I spent almost an hour walking through an old cemetery looking at the different headstones. When I was a kid, I used to think of it as a game; trying to figure out how many years a person had lived or how old they would be if they were still alive. As an adult and a mother, though, the cemetery took on a whole new meaning.
I made it to one family plot from the late 1800s. The first headstone was for an infant that lived a day. The next was another infant that lived for five months followed by yet another infant that lived for only a day. In all, the family buried six babies, all under a year old. I stood there and wept. As the tears rolled down my face, all that I could imagine were my little boys kicking inside of me and how much I loved them even before they reached my embrace. I remembered holding each one in my arms for the first time and how tiny and perfect they were. I knew my life would never be the same; and my love would never be the same, either.
That mama felt all of those things for every single one of those babies. Each of them grew inside her womb and she loved them as only a mother could. I tried to imagine this mother and her situation. Had the babies fallen ill? Was there a fever? Was it an incurable disease? Was she unable to produce milk with no wet nurse in town? Was the baby just too weak to take another breath? With each new scenario, steady streams of tears fell down my face. I imagined the emotional hardship that this mama faced having to bury six infants. How hard had it been to hold a sick child knowing that all she could do was rock him and watch him die?
Brokenhearted, I moved to another family plot. There was a mother who buried two infants and one other child under five years old. She died at age 36, within a year of the death of her youngest child. Did she simply die from a broken heart?

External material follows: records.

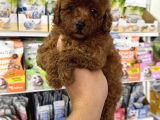 Toy poodle red brown yavrumuz en koyusundan
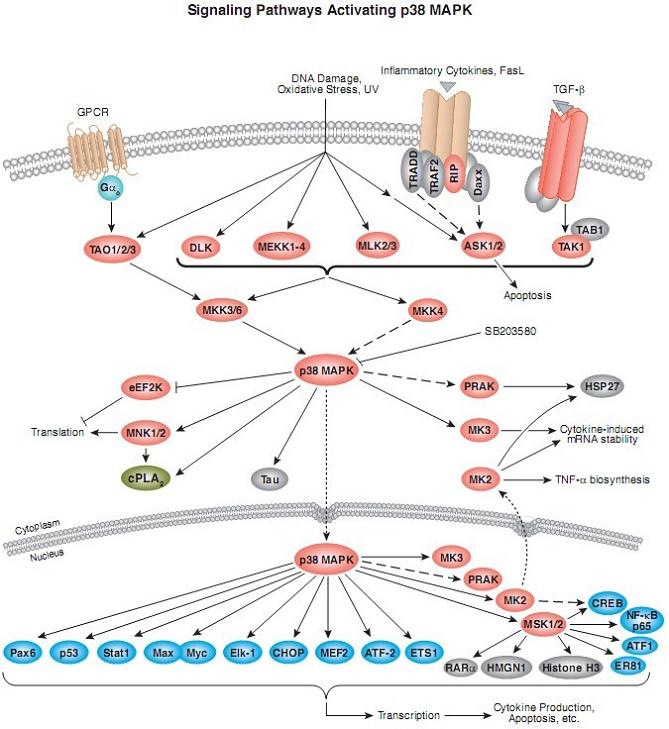 p38 MAPK信号通路图
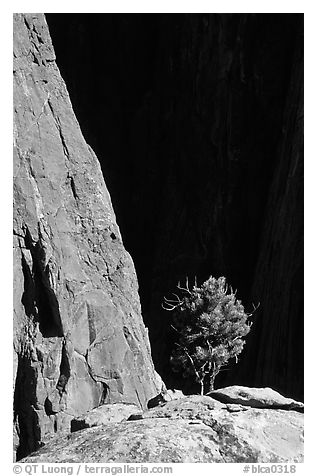 Tree on rim near exclamation point. Black Canyon of the Gunnison National Park, Colorado, USA.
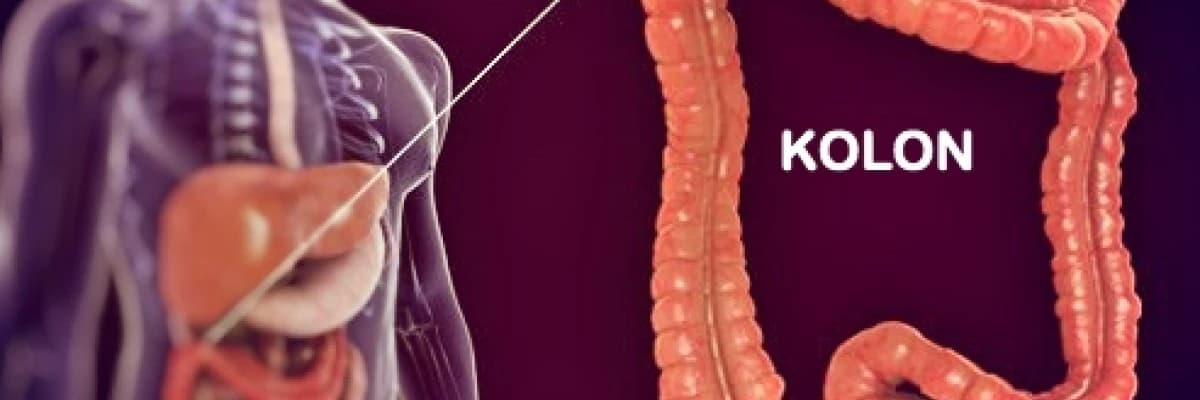 Kolonoskopi nedir?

I left the cemetery that day with a new realization: life matters. Each of those graves represented someone’s life. One life. One chance to love. One chance to impact others. One dash. I won’t get the chance to meet those mamas on this side of heaven, but I’ve got the opportunity now to live my life and accompany other people on their individual journeys. I don’t have to try to imagine what it must have been like when someone went through a tragedy; I get the opportunity to hold a real hand, feel real emotions and work through real hurts on this side of eternity with people who matter.
Those grieving mamas of the past are no different than grieving mamas of the present; all of them need caring people to come alongside and hold them up. Our families matter. Our friends matter. Our communities matters. Life matters. Before it’s our time to occupy a plot of dirt, let’s be intentional and walk beside each other making the most of every opportunity.